Swoje oczywiście zrobił internet. Z jednej strony możliwość publicznego wypowiadania się na wszelkich forach - dostępna dla wszystkich, bez względu na wiek, status czy wykształcenie. Z drugiej - anonimowość, która pozwala na wyśmianie drugiego człowieka bez konsekwencji. Całkiem spora jest grupa ludzi, którzy z wytykania błędów - mniej lub bardziej spektakularnie - uczyniła sobie główną rozrywkę. I znowu, nie twierdzę, że wskazywanie błędów publicznie zawsze jest złe - zwłaszcza błędy merytoryczne w tekstach wytykać się powinno. Nie uważam też, że każde wytknięcie błędu jest hejtem (twórcy "Korony Królów", to do Was), ale zdecydowanie za często zwrócenie uwagi w internecie przeradza się w agresywną wymianę zdań (zwłaszcza gdy ani jedna, ani druga strona nie chce odpuścić).

Skąd się biorą grammar nazi?

Całkiem spora ilość gramatycznych nazistów to osoby po polonistyce. Innych filologii też jest sporo (tłumacze idą z redaktorami łeb w łeb), ale od czasów "Dnia świra" polonistyka cieszy się szczególną sławą. Co akurat jest dość krzywdzące, bo to właśnie na polonie ludzie poznają te szokujące prawdy: że obowiązująca w szkole gramatyka to tylko jedno z ujęć, na dialektologii dowiadują się o innych odmianach polskiego, na językoznawstwie i gramatyce historycznej uczą się, że język nie stoi w miejscu. Mimo to każdego roku wydziały polonistyki w całym kraju wypuszczają w świat bojowników o czystość języka, którzy nie zawahają się użyć argumentu ad hitlerum, by udowodnić swoje racje. Fakt, że zajęcia z Kultury Języka Polskiego i trudny egzamin mocno ryją czachę i potem przez kilka miesięcy odruchowo szuka się błędów we wszystkich instrukcjach obsługi wiertarki, blogach, a nawet w słownikach. Ale oprócz nich jest też całkiem duża grupa ludzi, która wykształcenia językowego nie ma, a mimo to niestrudzenie tropi błędy we wszelkiego rodzaju tekstach. Często - niestety - uznając własne przyzwyczajenia językowe za jedyne słuszne.

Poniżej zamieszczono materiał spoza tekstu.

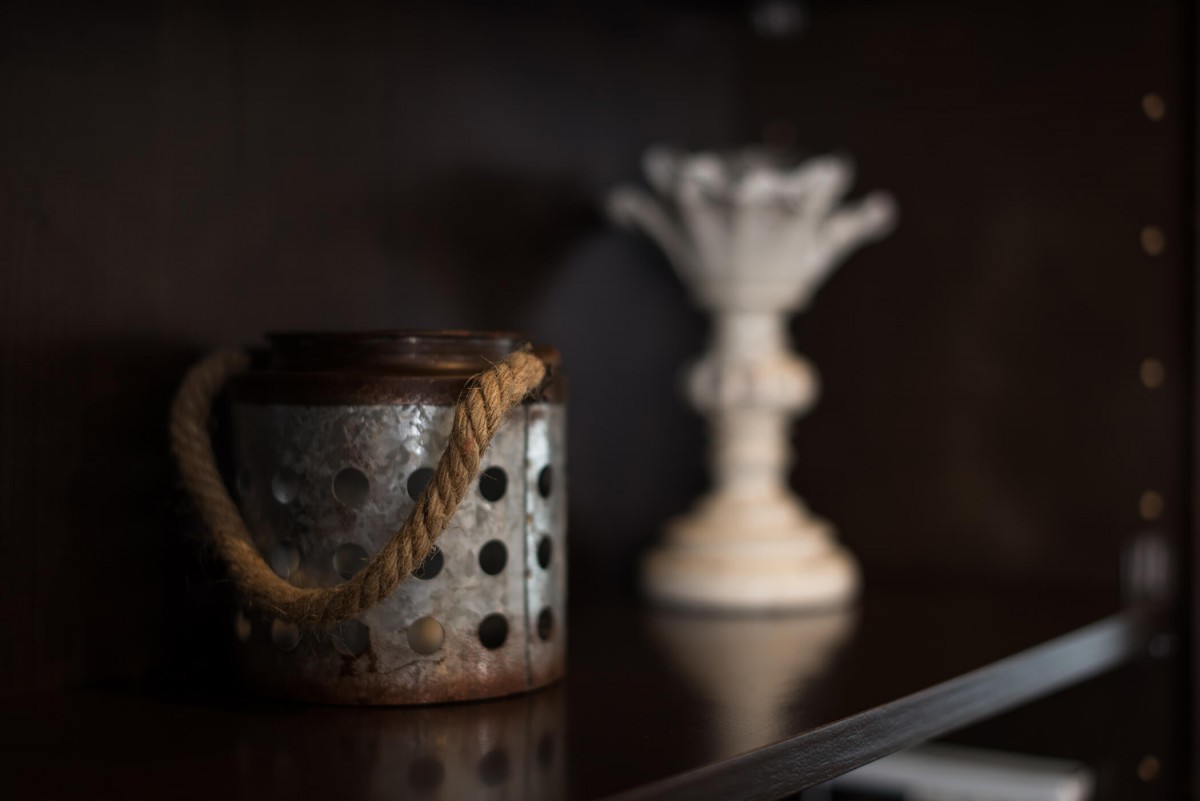 A rustic metal container with a rope handle sits on a shelf next to a vintage candlestick.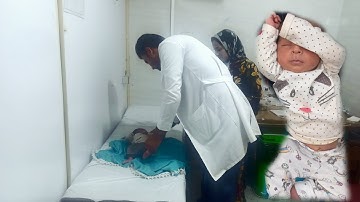 A nomadic mother with her baby in a cradle crosses a difficult path to hospital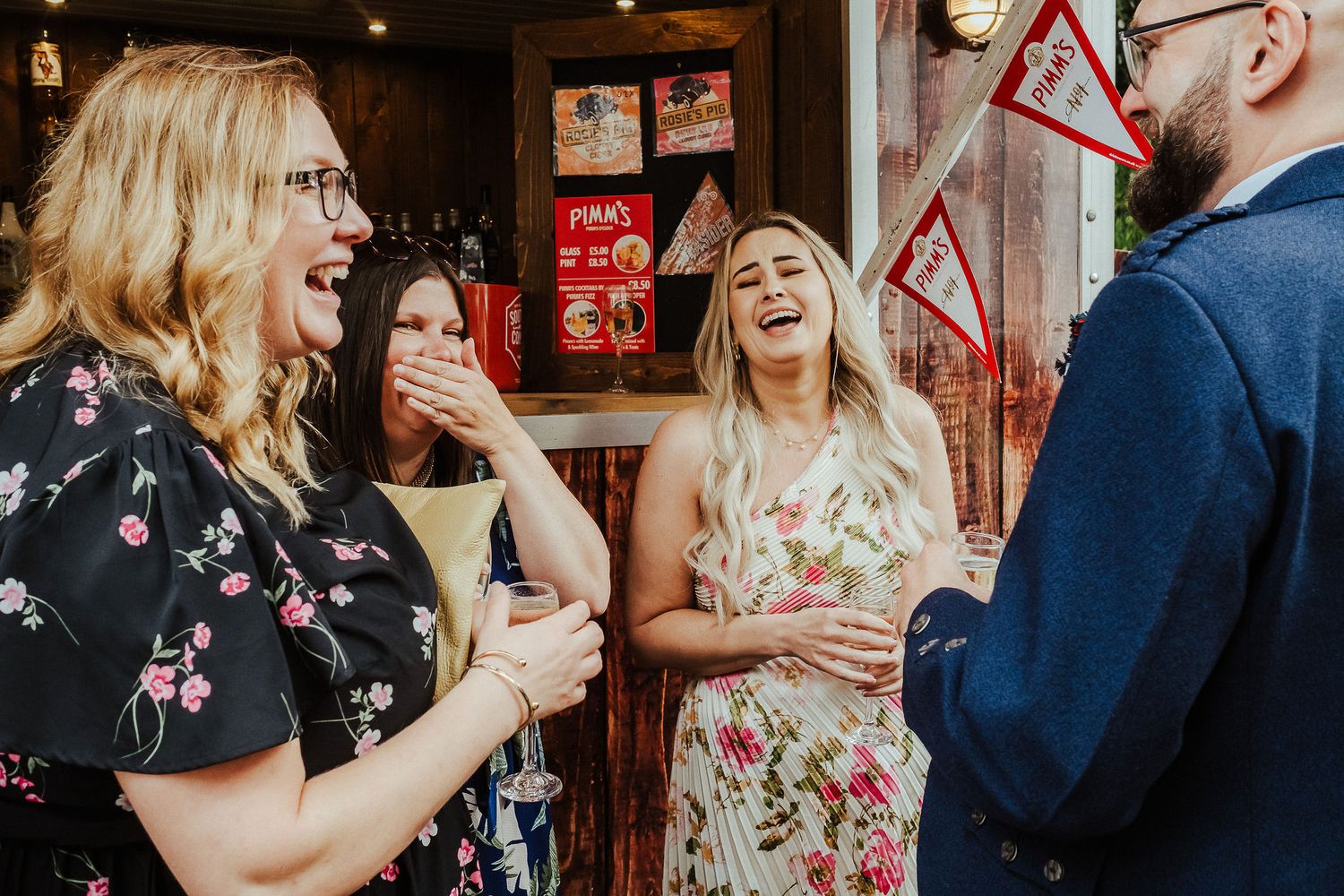 Group of laughing friends in floral dresses chatting and enjoying drinks at a lively indoor social gathering with a man in a blue jacket.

Niemniej nic mnie bardziej nie irytuje w kolegach i koleżankach polonistach (oraz całej reszcie samozwańczych husarzy korekty) od pełnego wyższości traktowania tych, którzy popełnili błąd albo mają wątpliwości co do użycia jakiegoś wyrazu. Pytanie również, co właściwie chcemy osiągnąć, broniąc języka z zaciekłością godną berserkerów. Oczywiście zwracanie uwagi na błędy i poprawną pisownię nie jest złe - ale obrażanie przy tym osób, które je robią, bywa już żenujące. O tak, fajnie się pośmiać z innych i poczuć się lepszym. Ale w momencie, gdy Newsweek czy Natemat piszą długie artykuły na temat błędu językowego popełnionego we wpisie na facebooku przez posłankę jednej z partii, robi się co najmniej dziwnie. Dlatego może czasem, zanim zaczniemy krzyczeć na kogoś, kto użył w zdaniu słowa "neurochirurżka", warto ugryźć się w język? Podobnie jak warto wziąć głęboki oddech, zanim znowu poirytujemy się błędnym użyciem słowa "bynajmniej" i obrazimy anonimową osobę w internecie. A jeśli już NAPRAWDĘ MUSIMY zwrócić uwagę, to róbmy to kulturalnie. Gdyby szacunek do języka szedł w parze z szacunkiem do drugiego człowieka, świat stałby się odrobinę piękniejszy.